Context, streetscape, revisionism

Toppling statues, in Bristol and elsewhere, has been flavour-of-the-month for Black Lives Matter. It behooves us all to scrutinise the whole lives of the heroes of our streetscapes and adjust our appreciation accordingly. Take Andrew Carnegie, for example, he started from nothing, emigrated to America and became a multi-millionaire steel magnate, philanthropist and golfer. In 1901, at the age of 66, he sold all his steel holdings to JP Morgan for $303,450,000 or  for $480,000,000 and retired on his money [what's $180million between sources?].  There are only so many yachts and mansions that you can use and Carnegie spent the last 18 years of his life endowing public libraries in Scotland and elsewhere in the English speaking world including more than 60 in Ireland . . . and Carnegie Hall in NYC! What's not to like about that?

Well the back-story is that one of the first libraries built with Carnegie money was constructed in Johnstown, PA in 1889 after the original building was swept away in a disastrous flood which killed 2,000 people. Carnegie Catechism:
  • What was the cause of the flood? 
    • A failed dam on the South Fork of the Little Conemaugh River. 
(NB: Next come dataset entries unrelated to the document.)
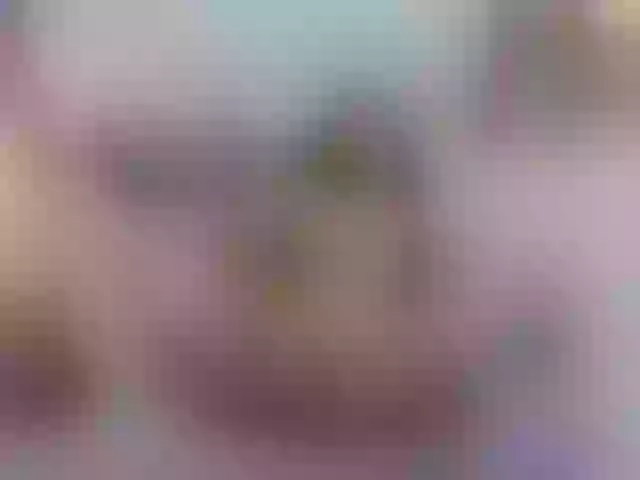 Live sex webcam photo for shaila22 #274619566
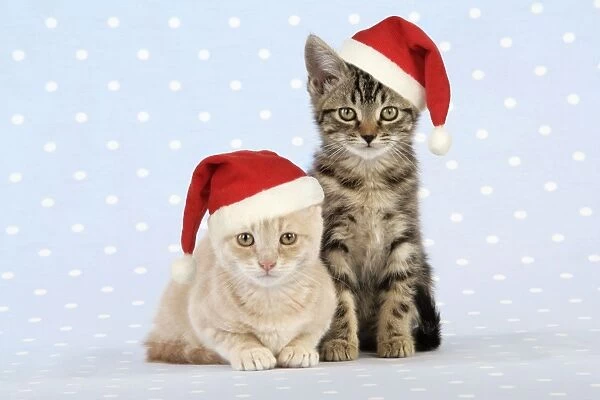 CAT. Tabby kitten with Cream Tabby kitten - in Christmas hats Digital Manipulation: Hats (JD)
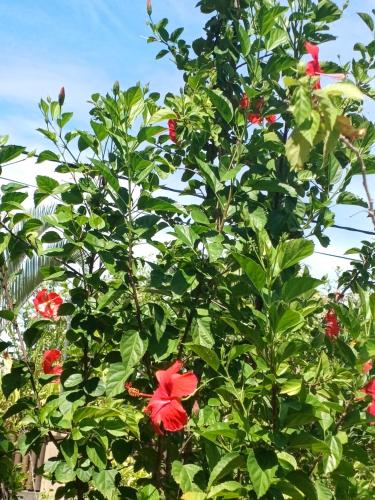 a tree with red flowers on it at La Banane Rouge Self Catering in La Digue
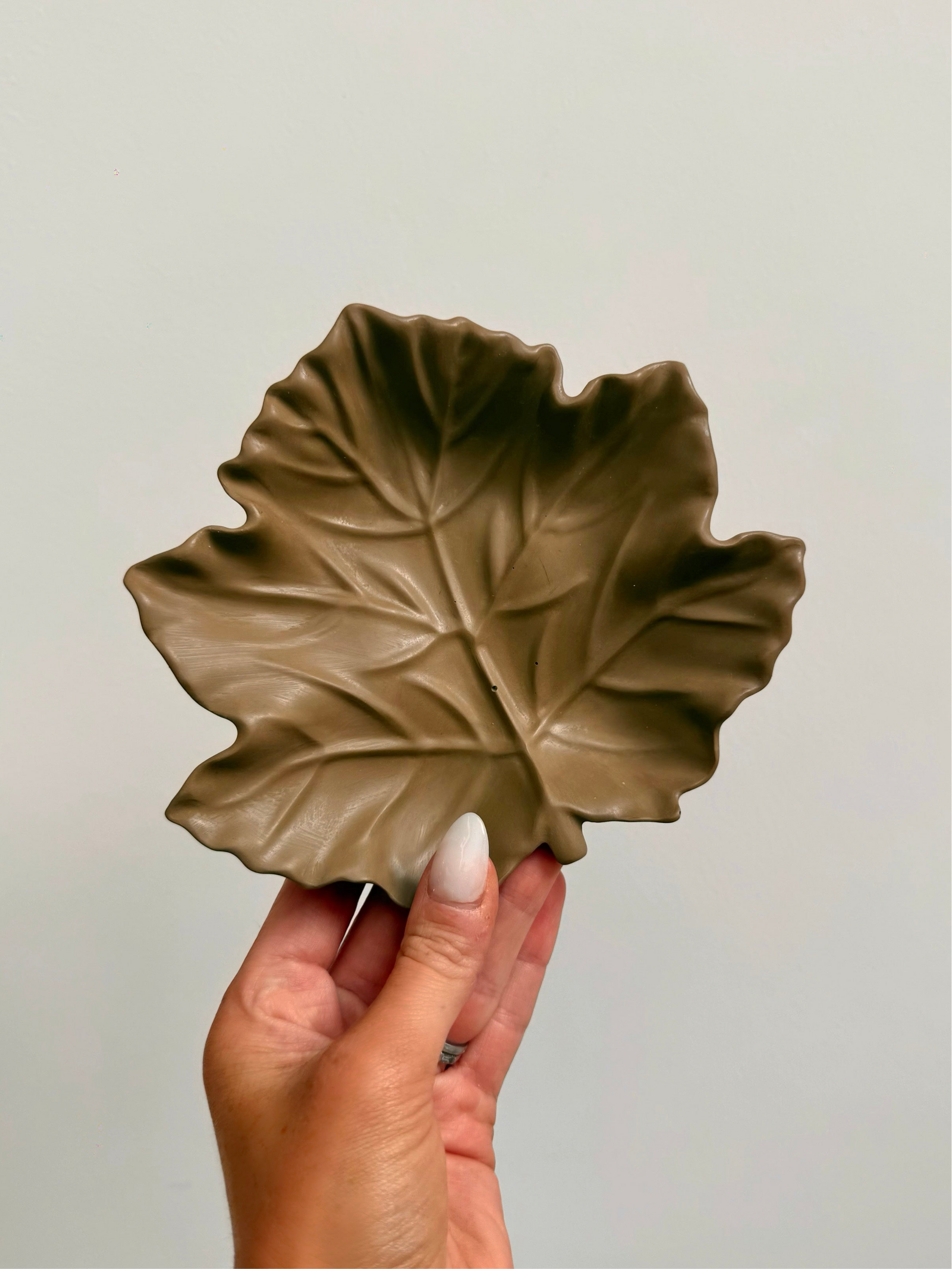 fall leaf - brown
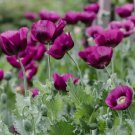 2,000 heirloom organic lauren's grape papavaer somniferum poppy seeds. non-gmo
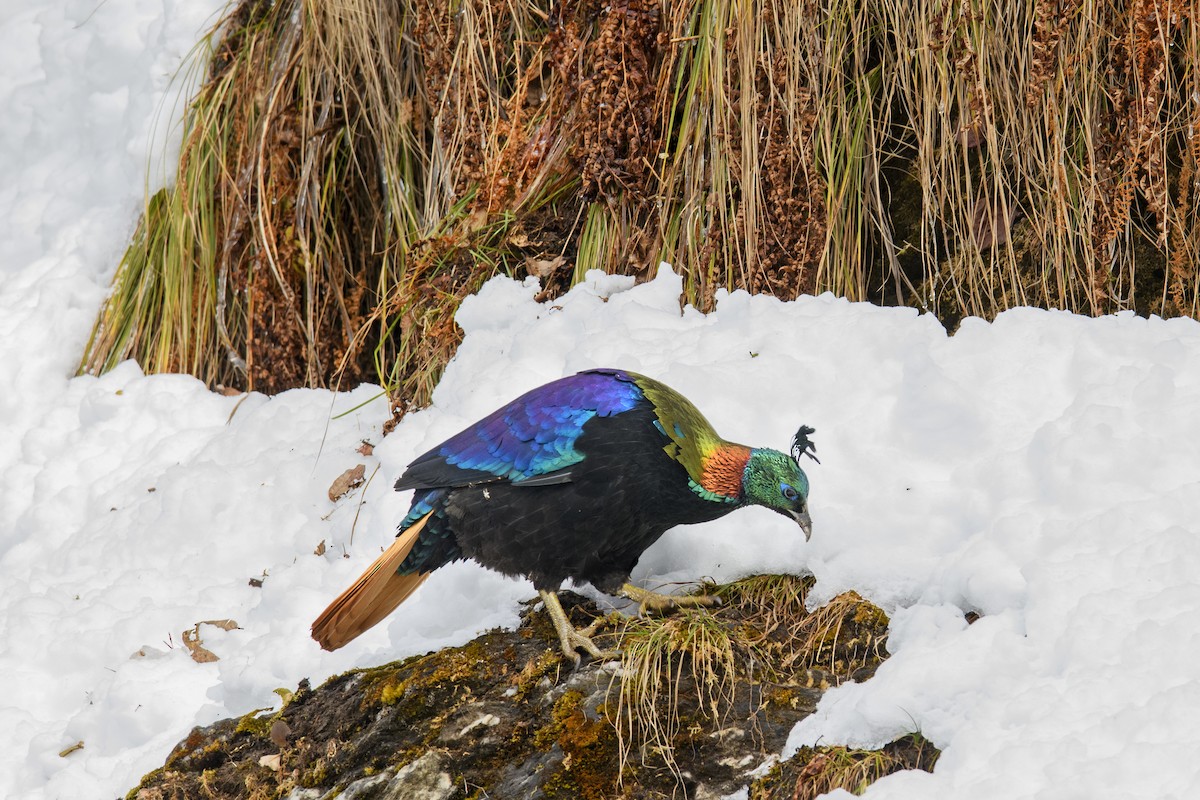 Himalayan Monal - ML638217005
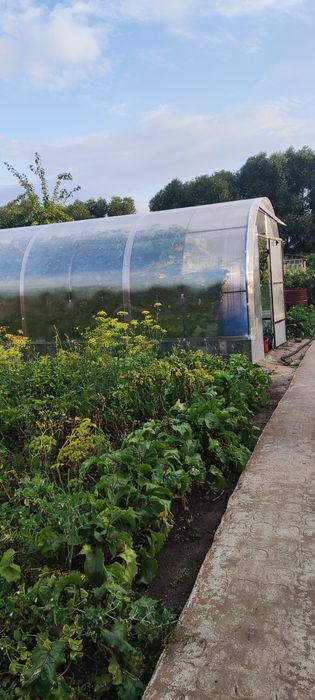 Дачу в с.о. Дельта с. Мичурино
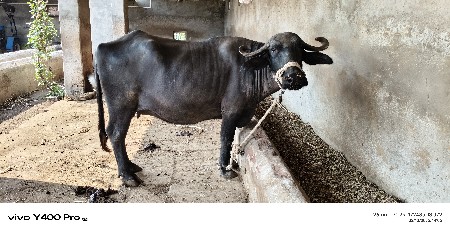 थंबनेल 3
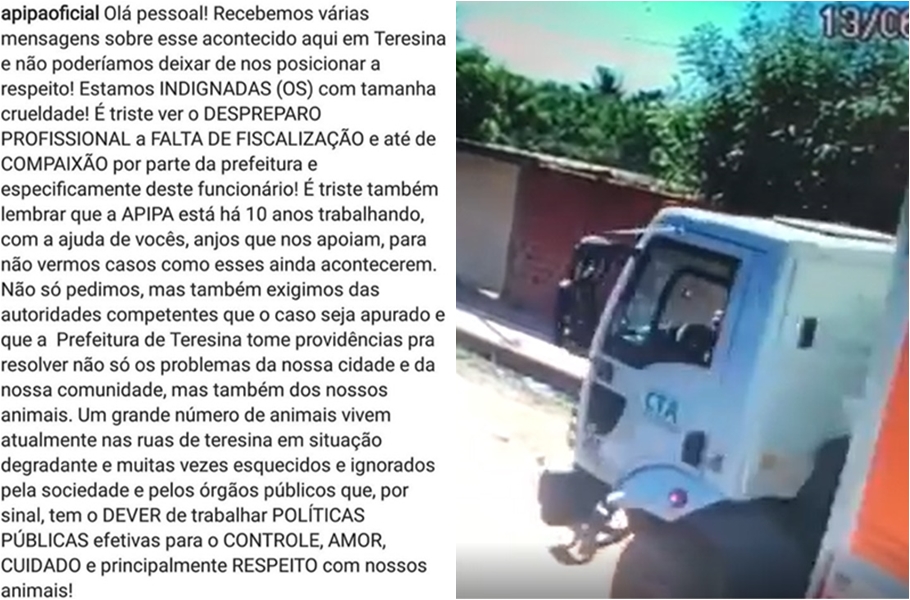 Posicionamento da APIPA sobre o atropelamento do cachorro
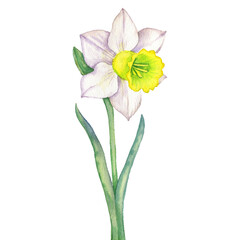 watercolor drawing flower of narcissus isolated at white background, floral element, hand drawn botanical illustration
  • And who built the dam?
    • South Fork Fishing and Hunting Club
  • And who owned the SFFHC?
    • Fifty local magnates including Andrew Carnegie
Carnegie was able to become, briefly, the richest man on the planet because he was the Jeff Bezos of his day. Reducing the cost of production to the lowest possible level by increasing mechanisation but also by shaving wages to the bone. That was instrumental in the polarization of labour relations as the Amalgamated Association of Iron and Steel Workers (the AA) moved in to get a better deal for the workers. Depending on your view-point this culminated in the Homestead Strike / Homestead Lock-out / Homestead Massacre of July 1893. Should we bulldoze those libraries, because they were built with blood-money?